Lemmatization as Classification

This repository contains the code and resources associated with the paper on Lemmatization as a Classification Task: Results from Arabic across Multiple Genres.

Requirements:

Here's how you can set up the environment using conda (assuming you have conda and cuda installed):

git clone https://github.com/CAMeL-Lab/lemmatization-as-classification.git
cd lemmatization-as-classification

conda create -n lemma_class_env python=3.12.8
conda activate lemma_class_env

pip install -r requirements.txt

Repository Structure:

1- data:

Original Datasets : All raw datasets collected from their respective official sources.
Synced Datasets : synchronized versions of the datasets generated through our synchronization process (as described in the paper).
S2S Output Files : Outputs from the Seq2Seq lemmatization models for each dataset.

2- Morphological Databases: Contains the SAMA S31 muddled morphological database used across all experiments.

3- LPG_clusters_and_classes: Cluster and class assignments for each lemma–pos–gloss triplet, as introduced and analyzed in the paper.

4- synchronization_scripts : Scripts required to transform the original datasets into their synchronized version following the methodology described in the paper.

5- scripts : All experiment execution scripts used for lemmatization, disambiguation, and evaluation in the paper.

6- main.py and run_pipeline.py: the core scripts for executing all experiments presented in the paper.

Experiments and Reproducibility:

Run the main script to reproduce the results presented in the paper using the configurable parameters below:

python main.py \
  --datasets <INPUT_TXT_PATH> \
  --granularities <INPUT_VARIANT> \
  --experiments <TECHNIQUES>
  --morph_db <MORPHOLOGY_DATABASE> \

Parameter	Available Options	Description
`datasets`	`atb_dev`, `atb_test`, `barec`, `nemlar`, `wiki`, `quran`, `zaebuc`	Choose one or multiple datasets to run experiments on
`granularities`	`lex`, `lex_pos`, `lex_pos_stemgloss`	Select level of morphological granularity for prediction
`experiments`	`S2S`, `LexC+S2S`, `All+Rand`, `Top+Rand`, `Top+LogP`, `Top+S2S+LogP`, `Top+LexC+LogP`, `Top+LexC+S2S+LogP`, `Top+Clust+LogP`, `Top+Clust+S2S+LogP`	Choose which lemmatization technique(s) to run

Preparing the Morphological Database and LPG Cluster/Class Mappings

To prepare the required MSA Morphological Database, you must download the source LDC package: Standard Arabic Morphological Analyzer (SAMA) v3.1 database.

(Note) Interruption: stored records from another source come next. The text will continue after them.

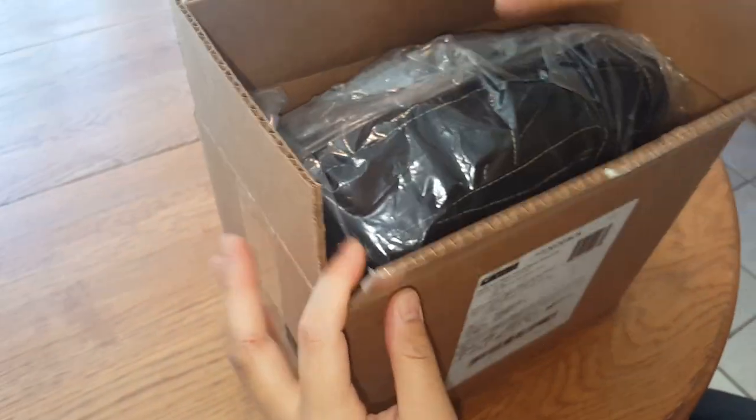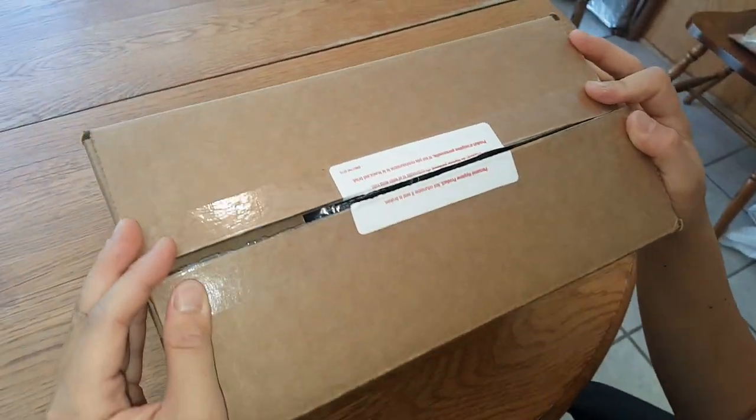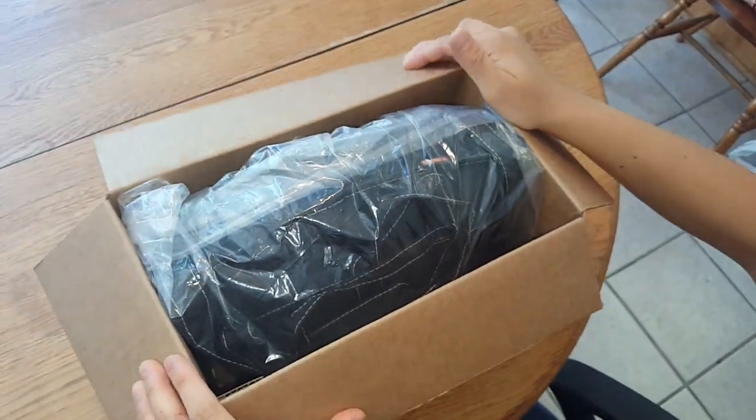So I've already opened it, but when I bought it, it was sealed. Didn't look like it had been tampered with. I paid about $50 off of Craigslist, which I think is a great deal.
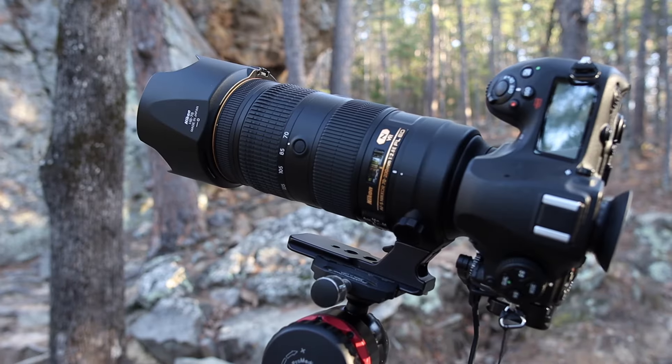So is using a long lens for landscape photography the right lens or the wrong lens? Let's find out.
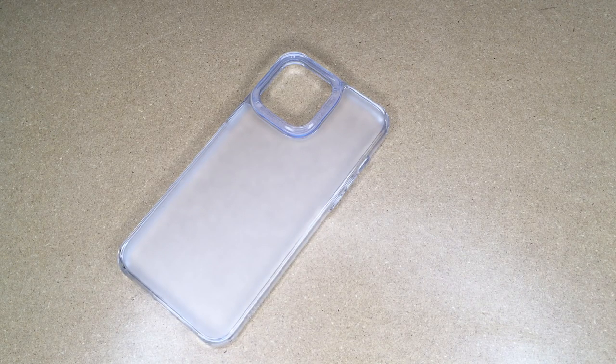Welcome. In this video, I'm going to be taking a look at this Toros Mist Clear case for the iPhone 13 Pro Max. This was provided to me by the distributor, but they're not compensating me for this video and they're not reviewing it before I post it. If you find this video helpful, I'll put a link to this in the description on Amazon, and if you use that link, it helps me out a little bit and doesn't cost anything extra.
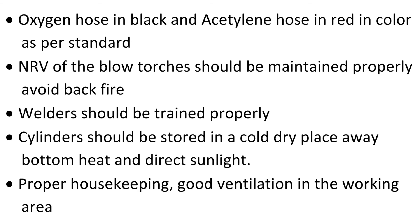Oxygen hose should be black and acetylene hose should be red in color as per standard. The NRV of the blow torches should be maintained properly. Avoid backfire.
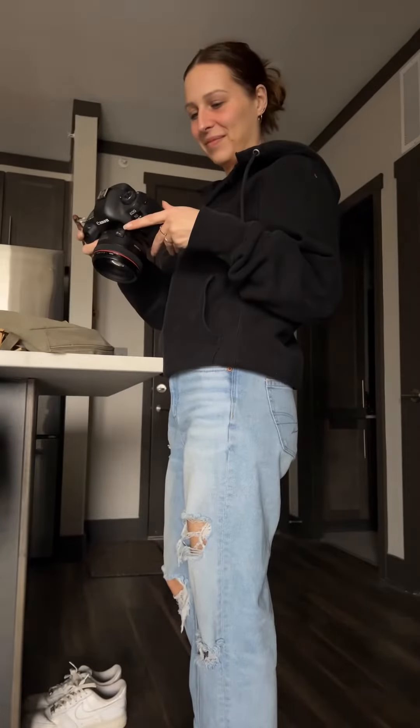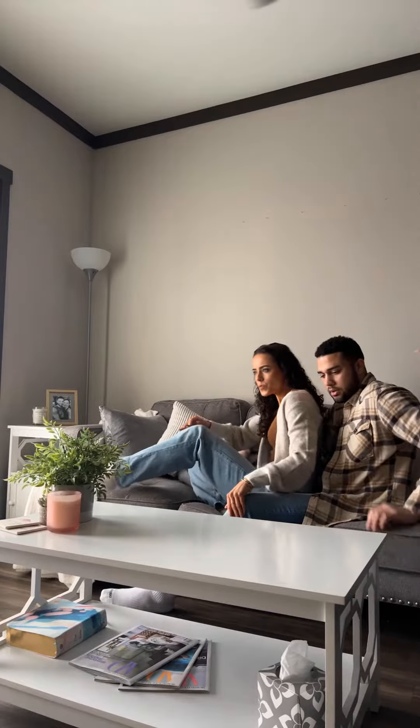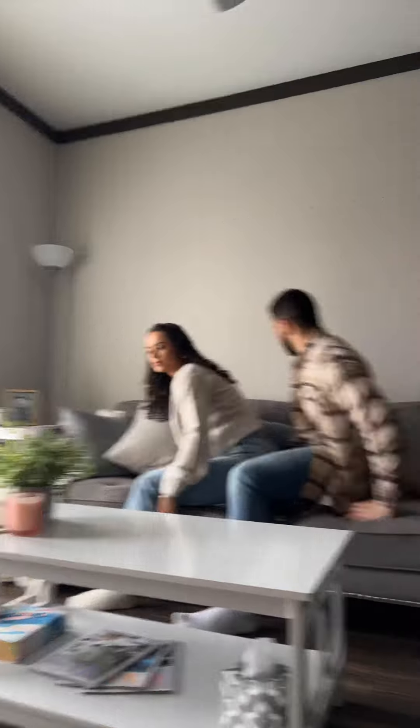Let's shoot an at-home couples session. First, do as much moving as possible. The more you move, the more variety you'll get back in your gallery. Any moving at all will be helpful.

Once downloaded, generate the CALIMA-MSA S31 database using muddler:

muddler unmuddle \
  -s "/path/to/LDC2010L01.tgz" \
  -m "Morphological Databases/Sama_s31.muddle" \
  "Morphological Databases/calima-msa-s31_0.4.2.utf8.db"

This command produces the CALIMA-MSA S31 morphological database used across the pipeline.

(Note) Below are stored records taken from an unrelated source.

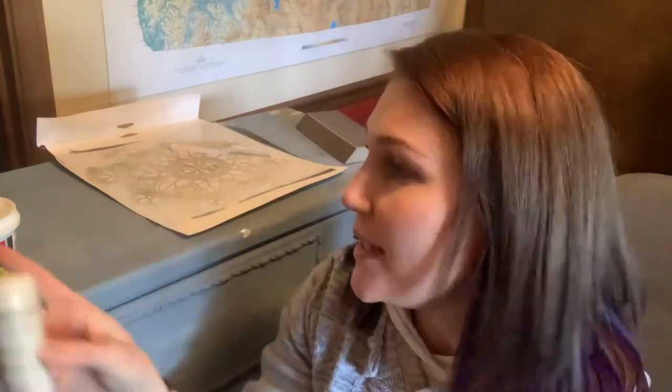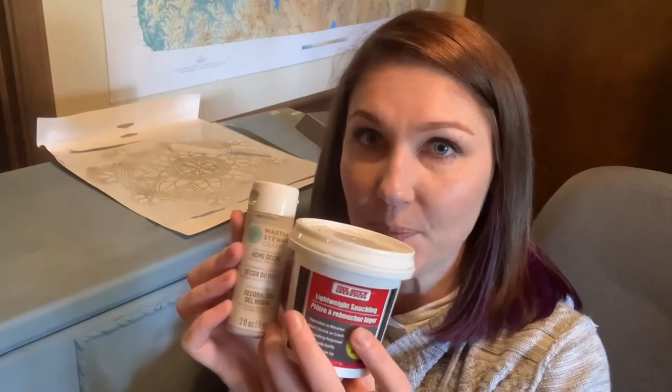It says interior/exterior, it's Martha Stewart home decor. I'm going to try and tint the spackle with this — it's kind of a complementary color, so I feel like it will be okay. We're going to see how that goes.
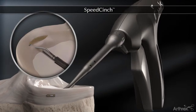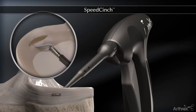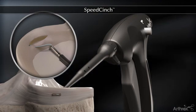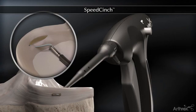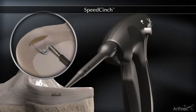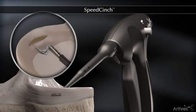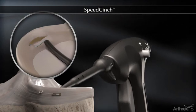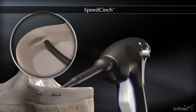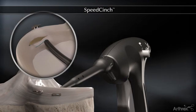Remove the needle and move to the second desired implant location. Depress button number two to engage implant number two. Actuate the trigger to the first click to advance the implant to the tip of the needle. Hold the trigger in this position. Advance the needle through the meniscus to the desired depth and actuate the trigger further to the second click to deploy implant number two.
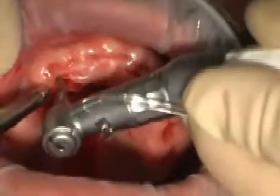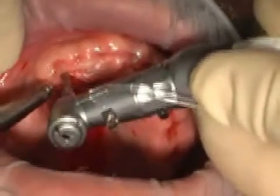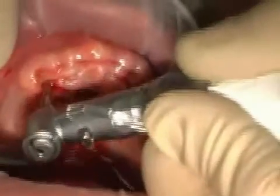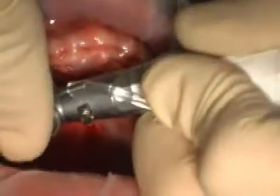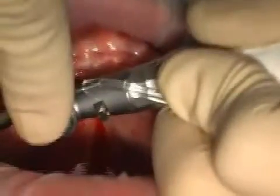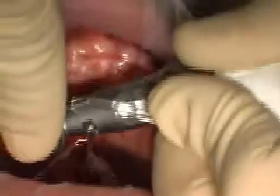In the past, it was thought to be important that implants were set into the bone in the same way as one's own teeth. Today we know that this isn't necessarily required — rather, the orientation is geared more towards the available bone. Nevertheless, one still tries to place the implants as parallel as possible, because this makes the technical provision easier.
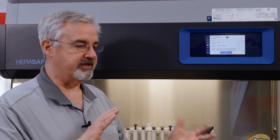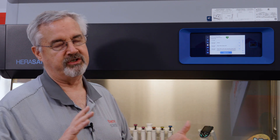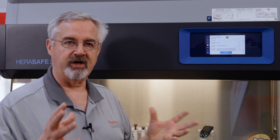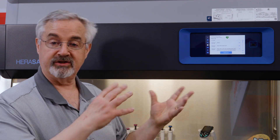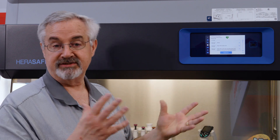The advantage of this is that if there's an incident or service incident with the unit and you call in the service engineer, trying to determine exactly what caused that alarm to go off, you can actually go back to the event log and see.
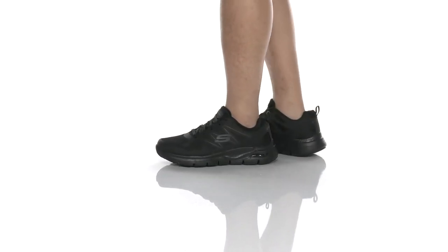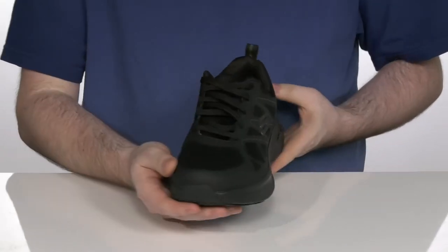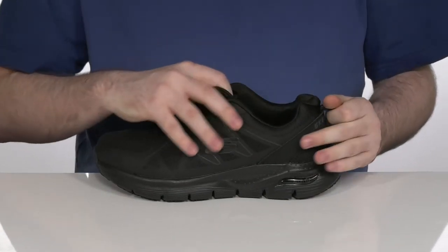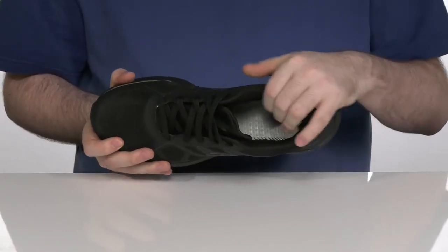The Skechers shoes are work comfort ready with a durable design. The upper is made with mesh knit textile with some synthetic overlays to keep it fitting right for a long time. With a pull tab on the back, you can get these on and get ready for work super quick.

Preparing the LPG Cluster/Class Mapping

Using the same SAMA v3.1 source file, generate the LPG cluster–class mapping by running:

muddler unmuddle \
  -s "/path/to/LDC2010L01.tgz" \
  -m "LPG_clusters_and_classes/LPG_clusters_classes.muddle" \
  "LPG_clusters_and_classes/LPG_clusters.csv"

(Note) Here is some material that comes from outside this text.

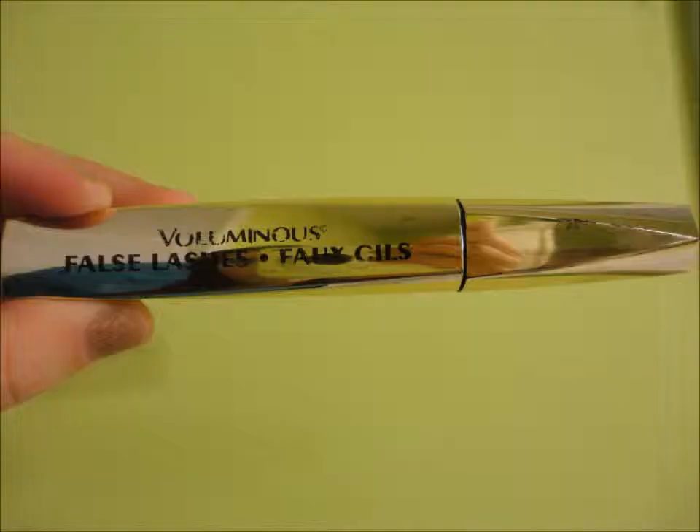Hey guys, so I want to hear about that. This is a review on L'Oreal Voluminous False Lashes Mascara, and this is a question for me to do. I really like the packaging. I've never tried L'Oreal Voluminous, so I don't know how these two compare, and I've never tried any other mascaras with false fibers, so I don't know if that really makes a difference.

This will create the LPG clusters and class mapping file required for experiments involving LPG-based features.

Preparing the Penn Arabic Treebank (if needed)

All datasets used n the paper are already included in the repo, except for the Penn Arabic Treebank (PATB), which must be built locally due to LDC licensing restrictions.

LDC2010T13: atb1_v4_1_LDC2010T13.tgz
LDC2011T09: atb_2_3.1_LDC2011T09.tgz
LDC2010T08: atb3_v3_2_LDC2010T08.tgz

Extract all three archives.
Combine their contents into a single folder.
Compress the folder again into one archive with name MSA_atb123.zip.
Then generate the PATB CSV data by running:

muddler unmuddle \
  -s “/path/to/MSA atb123.zip" \
  -m "data/Synced Datasets/atb_test data.muddle" \
  "data/Synced Datasets/atb_test data.csv”

Single dataset, one granularity, one technique

python main.py \
  --datasets atb_dev \
  --granularities lex_pos_stemgloss \
  --experiments Top+LogP

Multiple datasets with corresponding granularities and techniques

python main.py \
  --datasets zaebuc barec atb_test quran \
  --granularities lex_pos_stemgloss lex_pos lex_pos_stemgloss lex \
  --experiments Top+LogP,Top+Clust+S2S+LogP

Running the Best MSA Lemmatizer (Disambiguation + Clustering)

To run the best-performing MSA lemmatizer, which combines the MSA Disambiguator with the LPG clustering technique, execute the following command:

python run_best_msa_lemmatizer.py \
    --morph_db "Morphological Databases/calima-msa-s31_0.4.2.utf8.db" \
    --data_name "wiki" \
    --df_path "data/Synced Datasets/wiki data.csv"

Parameter	Example Value	Description
`--morph_db`	`Morphological Databases/calima-msa-s31_0.4.2.utf8.db`	Path to the compiled CALIMA-MSA S31 morphological database used by the disambiguator.
`--data_name`	`wiki`, `atb_dev`, `custom_name`	A label used only for saving the output file generated by this lemmatization run.
`--df_path`	`data/Synced Datasets/wiki data.csv`	Path to the input CSV file containing sentence_index, word_index, and word columns.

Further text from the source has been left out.